### WHAT TO PRODUCE
The lines below starting at the line containing "709 Linus Lane" and ending at the line containing "food pantry box in front of a brick wall" are to be repeated exactly, with both ends kept and nothing else added.

### DATA SECTION

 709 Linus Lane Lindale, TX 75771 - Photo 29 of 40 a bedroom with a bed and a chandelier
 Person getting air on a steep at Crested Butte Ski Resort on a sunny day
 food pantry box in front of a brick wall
--
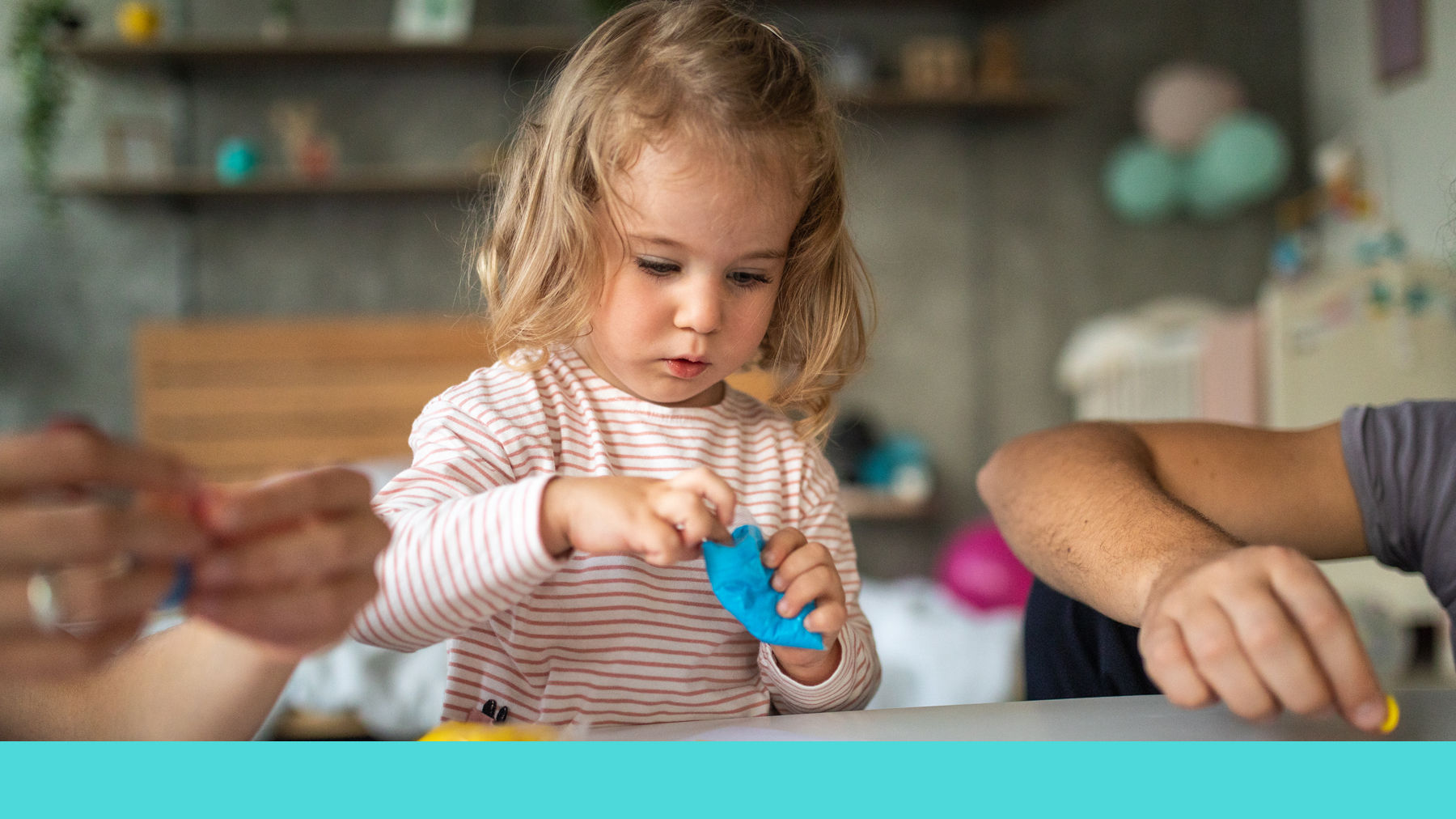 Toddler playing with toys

### SOLUTION BELOW
 709 Linus Lane Lindale, TX 75771 - Photo 29 of 40 a bedroom with a bed and a chandelier
 Person getting air on a steep at Crested Butte Ski Resort on a sunny day
 food pantry box in front of a brick wall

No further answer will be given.